Could there be a misunderstanding of the question or the figure? Let's consider the possibility that 'k' is an axis of symmetry for the entire figure ABCD itself, or part of it. However, the instruction is to draw a *symmetric* polygonal chain. This means the original chain ABCD is not necessarily symmetric.

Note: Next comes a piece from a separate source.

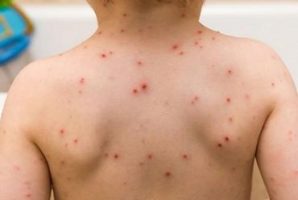 En RD reportan más de tres mil casos de varicela; uno de los brotes más altos en cinco años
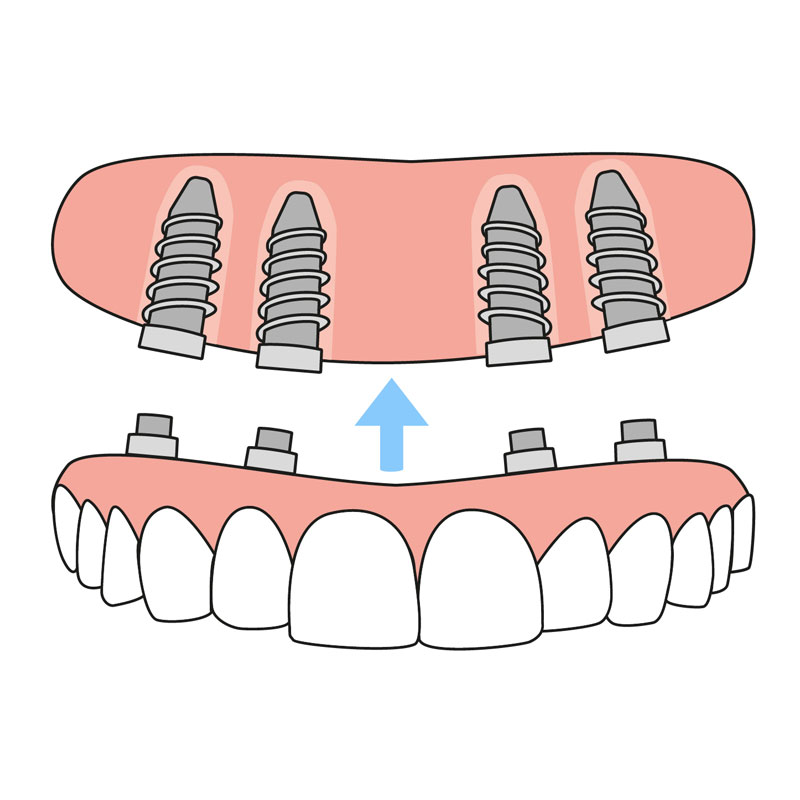 Implant Dentures Gold Coast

Let's assume task 2 is asking for segments within the original figure ABCD. Since no segments are visually or calculably equal, it's possible that the intended figure has some properties that are not clearly represented, or there are no such pairs. Given that this is a math problem, there is usually a solution. Let's look at the image again. The grid is quite regular. A is at a grid corner. D is at a grid corner directly below C which is at a grid corner. B is at a grid corner.
Let's retry the coordinates:
A = (0,0)
D = (6,0) (6 units horizontally from A)
C = (6,3) (3 units vertically from D)
B = (2,4) (2 units right and 4 units up from A - this placement of B seems less precise relative to the other points if we are to get equal segments easily.)

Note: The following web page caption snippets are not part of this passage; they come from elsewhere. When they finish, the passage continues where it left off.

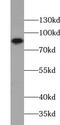 Tgr antibody, FNab09135, FineTest, Western Blot image 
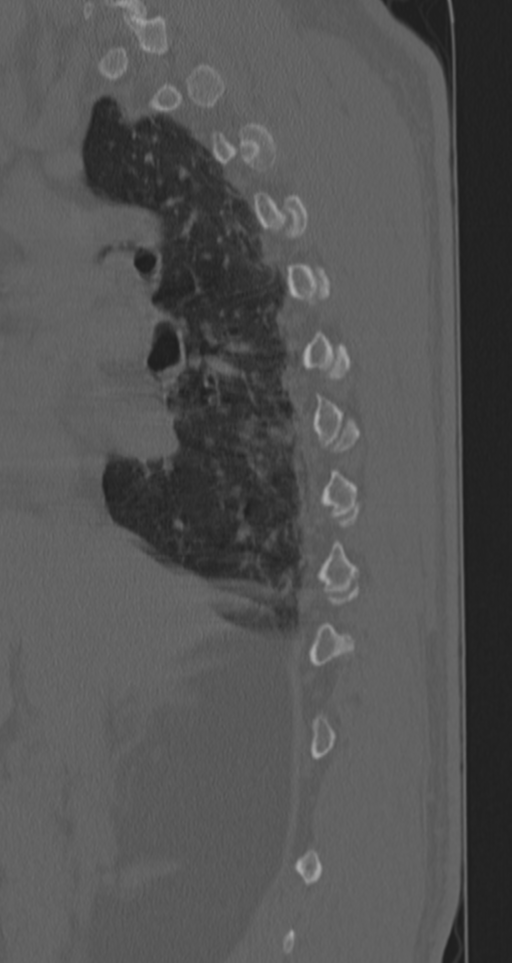 Chance fracture (Radiopaedia 33854-35020 Sagittal bone window 64).png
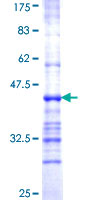ALG2 Protein - 12.5% SDS-PAGE Stained with Coomassie Blue.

Let's reconsider B's position relative to A.
If A=(0,0), DA=6, so D=(6,0). CD=3, so C=(6,3).
For B, if we assume it is at (2,4), then AB = sqrt(20) and BC = sqrt(17).
What if B is placed such that AB = DA?
sqrt(x^2 + y^2) = 6. For example, B=(6,0) which is D. This is not a polygonal chain.
What if AB = CD? sqrt(x^2 + y^2) = 3. For example, B=(0,3).
What if BC = DA? sqrt((6-x)^2 + (3-y)^2) = 6.
What if BC = CD? sqrt((6-x)^2 + (3-y)^2) = 3.
This is becoming too speculative. Let's assume the grid coordinates are as seen.
A=(0,0)
B=(2,4)
C=(6,3)
D=(6,0)
DA = 6
CD = 3
AB = \(\sqrt{20}\)
BC = \(\sqrt{17}\)
Could it be that the problem implies that the construction in Task 1 will reveal equal segments? If we reflect ABCD symmetrically with respect to axis k, let's say k is the y-axis (x=0). Then A=(0,0) reflects to A'=(0,0). B=(2,4) reflects to B'=(-2,4). C=(6,3) reflects to C'=(-6,3). D=(6,0) reflects to D'=(-6,0).
The new polygonal chain is A'B'C'D'. The resulting polygon is ABCDA'B'C'D'.
In this case, AB = A'B' = \(\sqrt{20}\), BC = B'C' = \(\sqrt{17}\), CD = C'D' = 3, DA = D'A' = 6.
So, the pairs of equal length segments due to symmetry are (AB, A'B'), (BC, B'C'), (CD, C'D'), (DA, D'A').
However, the question asks to list pairs of segments of equal length. This usually means segments within the *same* figure. If the intention was to include the symmetric figure, it would usually be phrased as "list pairs of corresponding segments".
Let's consider the possibility that some segments in the original ABCD figure are equal. If we look at the slopes:
Slope of AB = 4/2 = 2.
Slope of BC = (3-4)/(6-2) = -1/4.
Slope of CD = undefined (vertical).
Slope of DA = 0 (horizontal).
Let's assume the points are placed such that some lengths are equal. For instance, if CD = 3 and AB = 3. Then \(\sqrt{x^2+y^2} = 3\). If B is at (2,y), then \(\sqrt{4+y^2} = 3 \implies 4+y^2 = 9 \implies y^2 = 5 \implies y = \sqrt{5}\). This doesn't seem to be at grid points.
Let's assume the provided image is a faithful representation of the intended problem. And that A, B, C, D are grid points.
A is at (0,0).
D is at (6,0).
C is at (6,3).
B is at (2,4).
Lengths:
DA = 6
CD = 3
AB = \(\sqrt{2^2+4^2} = \sqrt{4+16} = \sqrt{20}\)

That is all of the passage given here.